**Problem to work on:**
The listing below is to be written out word for word, minus its images.

**Provided data:**
● ● ● ● ● ● ●

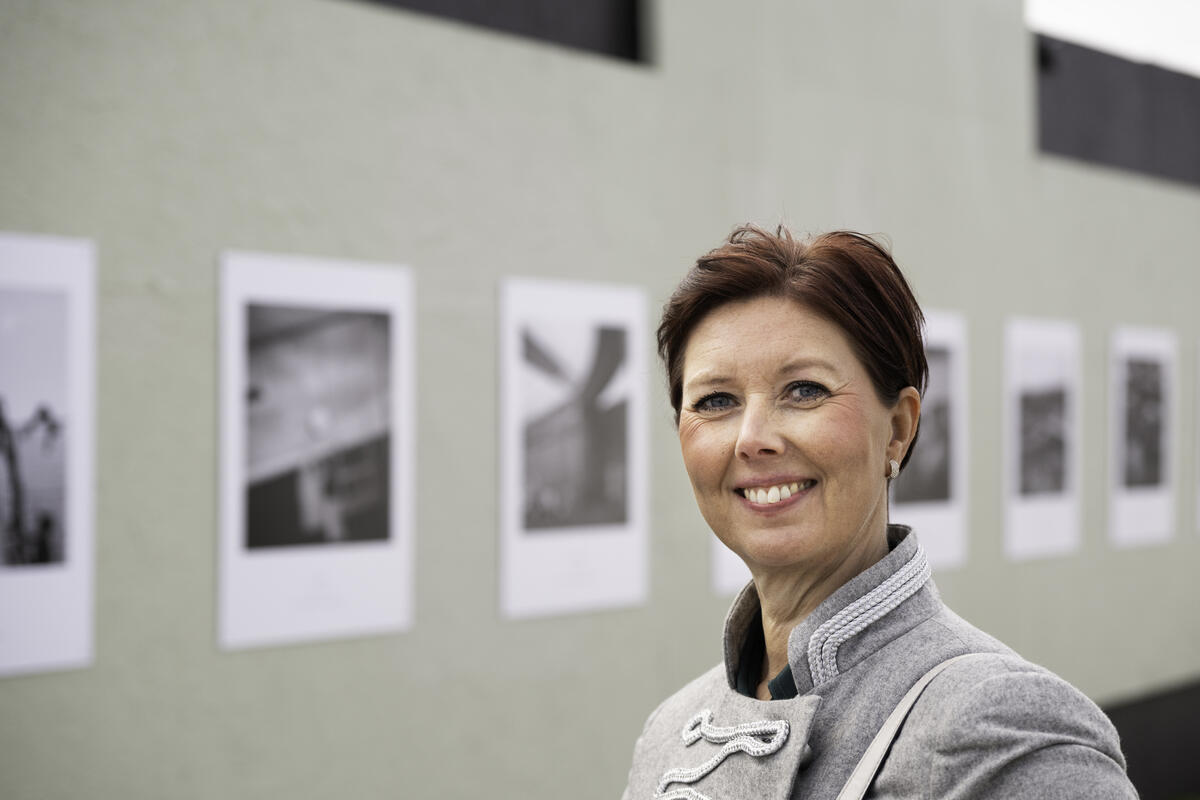 Smilende dame står foran fargerik vegg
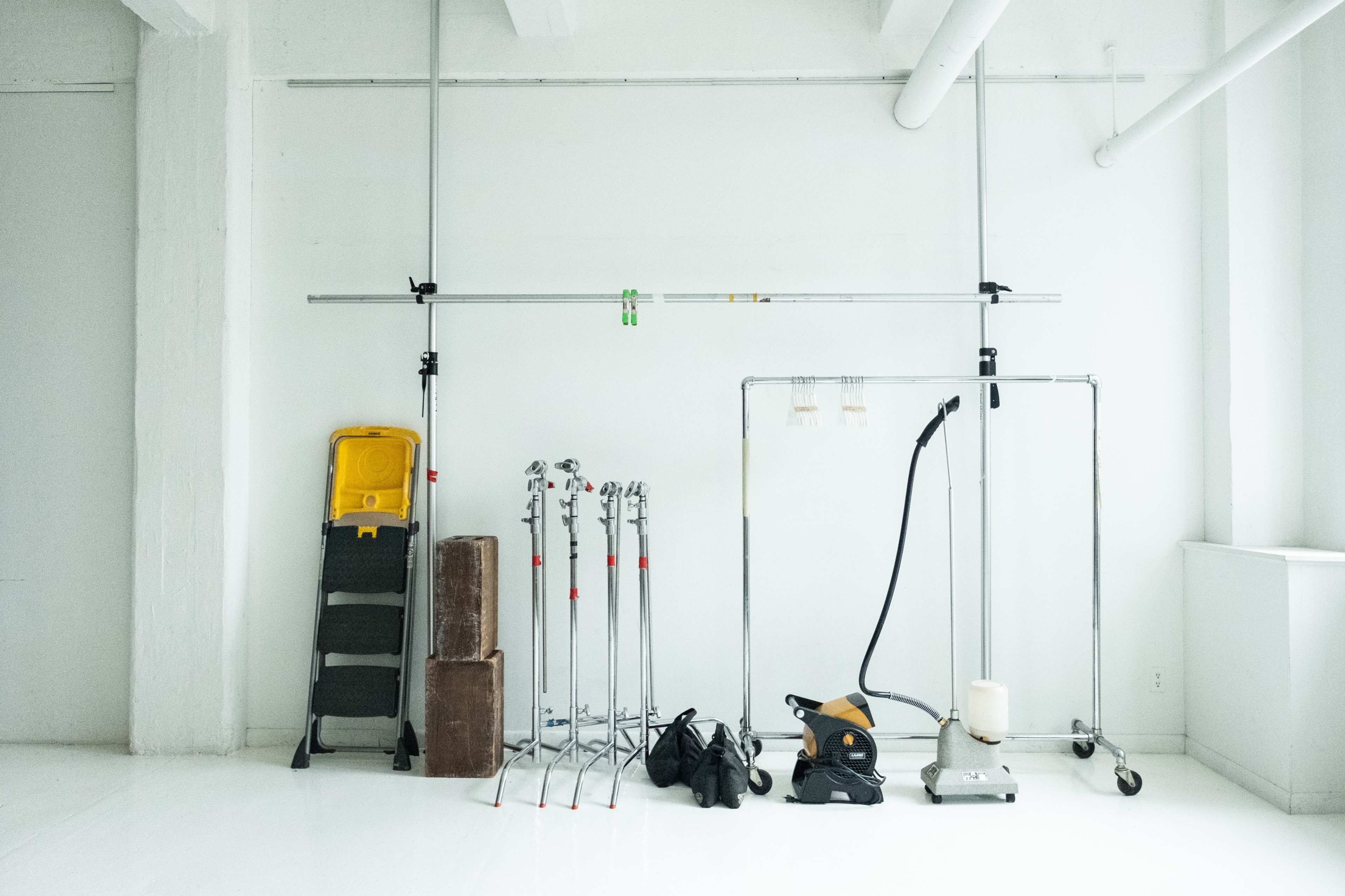 A collection of equipment, including light stands, a ladder, a vacuum cleaner, and a fabric backdrop support, is arranged against a white wall in a minimalist space.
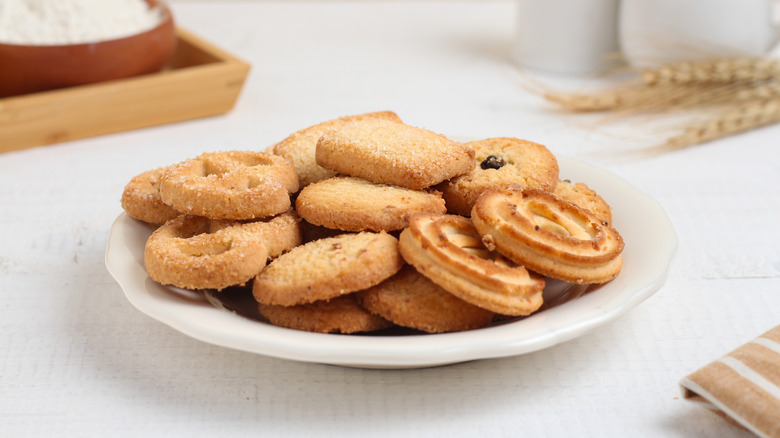 A selection of butter cookies on a white plate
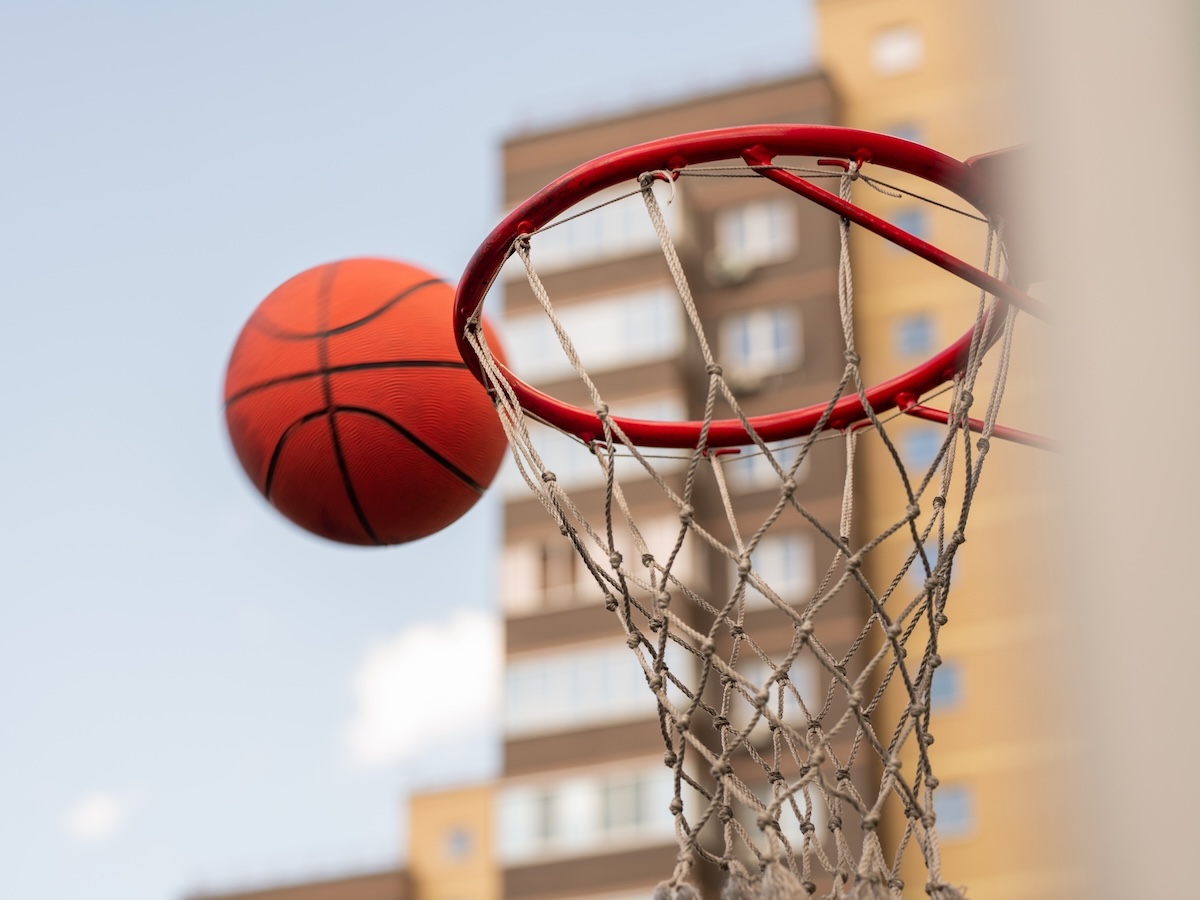 Ball for playing basketball thrown by player close to basket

● ● ● ● ● ● ●

**Solution to this task:**
 Smilende dame står foran fargerik vegg
 A collection of equipment, including light stands, a ladder, a vacuum cleaner, and a fabric backdrop support, is arranged against a white wall in a minimalist space.
 A selection of butter cookies on a white plate
 Ball for playing basketball thrown by player close to basket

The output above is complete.